Les Canadiens sont endettés et inconscients. Leurs dettes ne cessent de s'alourdir, mais ils ne le réalisent pas. Leur marge de manoeuvre est mince, mais ils ont l'impression que rien ne peut ébranler leur bien-être financier.

Les Canadiens sont endettés et inconscients. Leurs dettes ne cessent de s'alourdir, mais ils ne le réalisent pas. Leur marge de manoeuvre est mince, mais ils ont l'impression que rien ne peut ébranler leur bien-être financier.

C'est le constat troublant qui ressort d'une enquête dévoilée la semaine dernière par l'Association des comptables généraux accrédités du Canada (CGA-Canada).

À peine une personne sur sept reconnaît que ses dettes ont considérablement augmenté depuis trois ans, y apprend-t-on.

Pourtant, l'endettement des ménages canadiens a grimpé de 4,7% par année depuis 30 ans. C'est beaucoup plus que la croissance de leurs revenus disponibles et de leurs actifs.

Les consommateurs jouent-ils à l'autruche? Ils sont plutôt victimes d'une illusion, répond Isabelle Thibeault, conseillère en insolvabilité à l'ACEF du Sud-Ouest.

Les institutions financières font la promotion du crédit, en mettant l'accent sur le bonheur, la plénitude, la réalisation de soi. Elles ont réussi à créer une distorsion dans la perception des consommateurs, explique-t-elle.

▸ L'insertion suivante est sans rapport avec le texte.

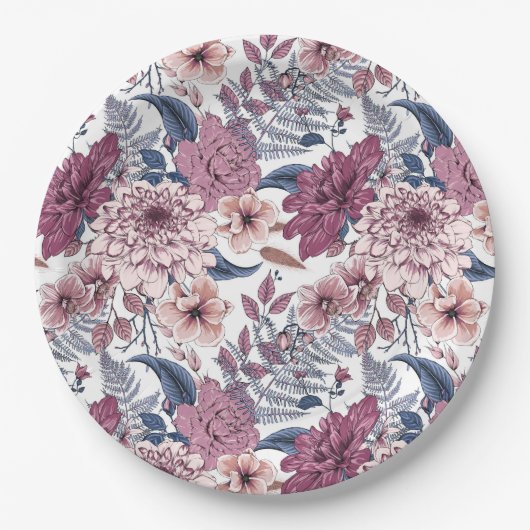 Rosa lila Farne Botanische Blüten Schieferblau Pappteller (Vorderseite)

Beaucoup ont l'impression que l'argent qu'on leur prête leur appartient, comme ce consommateur qu'elle aidait à reprendre son budget en main.

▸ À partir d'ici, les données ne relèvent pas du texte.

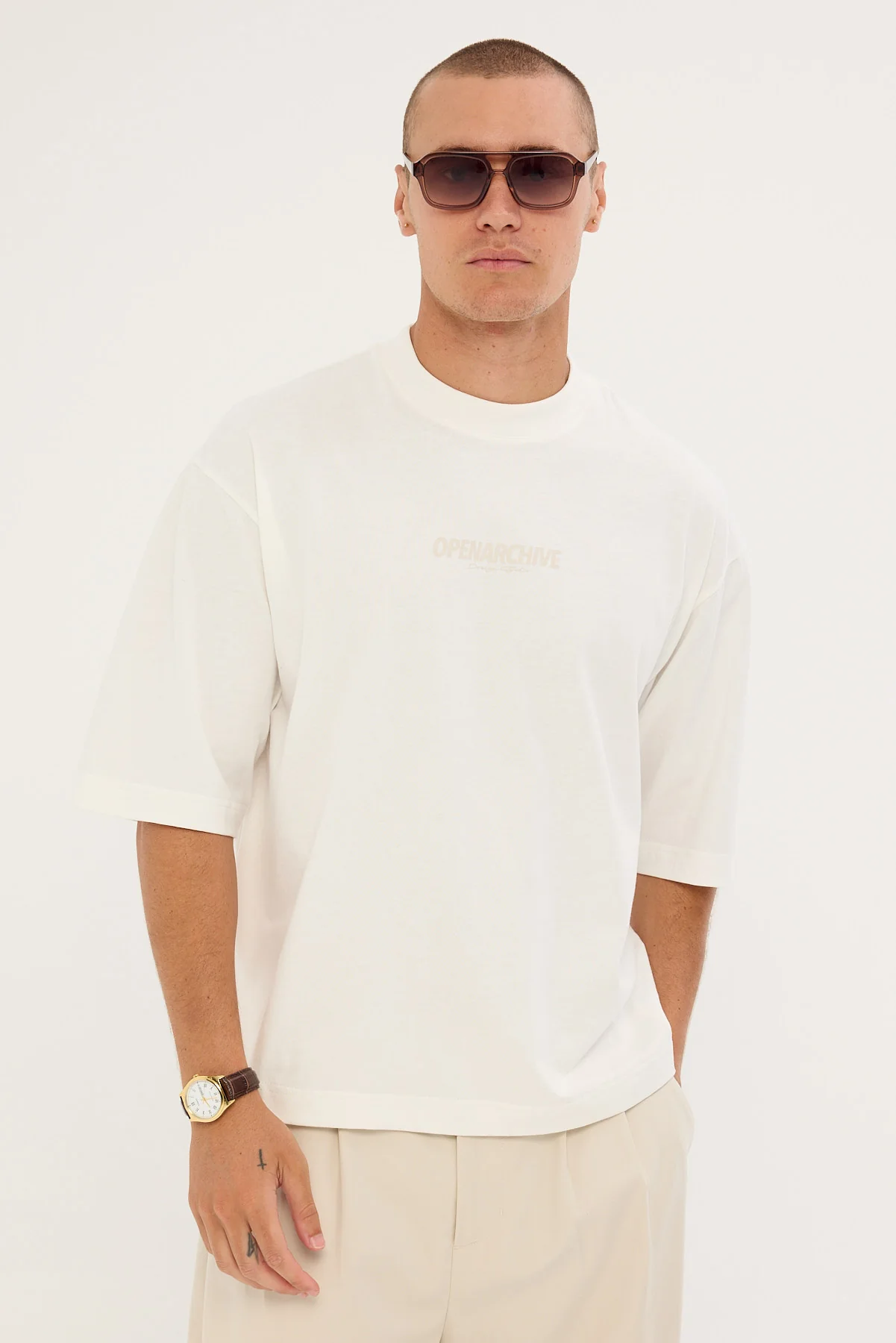 Open Archive Enduro Organic Cropped Street Tee Off White - Image 2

«L'achat des vêtements, je ne mets pas ça dans mon budget, parce que je les paie avec ma carte de crédit», lui faisait-il valoir.

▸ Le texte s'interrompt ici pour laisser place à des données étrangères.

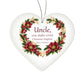 Uncle Christmas Ornament - Burgundy Floral Clear Acrylic Heart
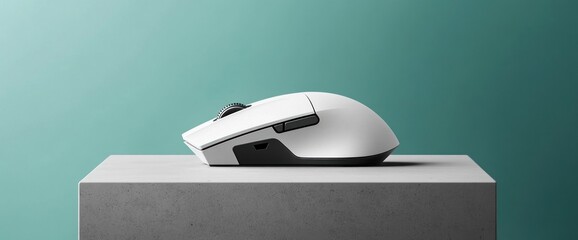 Modern white wireless computer mouse placed on a concrete surface with a teal background.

Ainsi, les cartes et les marges ont remplacé le coussin de sécurité.

Le crédit a détrôné l'épargne qui est devenue quasi-inexistante, rapporte les GCA-Canada. Le taux d'épargne est tout près de zéro. Un Canadien sur quatre n'épargne rien du tout, pas même pour la retraite.

À qui la faute? La faiblesse des taux d'intérêt rend l'épargne moins attrayante et le crédit moins coûteux; l'accessibilité au crédit atténue le besoin d'épargner pour se protéger; et l'appréciation de la valeur des maisons enrichit les ménages, énumèrent les CGA.

Le robinet

Comme le robinet du crédit est grand ouvert, certains consommateurs s'y abreuvent sans se poser de questions sur leur capacité à rembourser. Ces dernières années, les refinancements hypothécaires leur ont permis de maintenir un style de vie au dessus de leurs moyens.

Mme Thibeault cite le cas d'un couple qui avait hérité d'un triplex, avec un solde hypothécaire. Ils roulaient avec deux belles voitures, s'offraient des loisirs dispendieux avec seulement 41 000$ de revenus.

«En quatre ans, ils ont doublé la valeur de leur hypothèque en s'en rendant plus ou moins compte», raconte-t-elle. Jusqu'au jour où ils ont réalisé qu'ils étaient incapables de payer les mensualités.

En fait, bien des ménages sont à la gorge. Une personne sur cinq serait incapable de faire face à une dépense imprévue, selon le sondage des CGA. Paradoxalement, un quart des répondants ne croit pas qu'une hausse des taux d'intérêt ou une baisse de revenus affecterait leur mode de vie.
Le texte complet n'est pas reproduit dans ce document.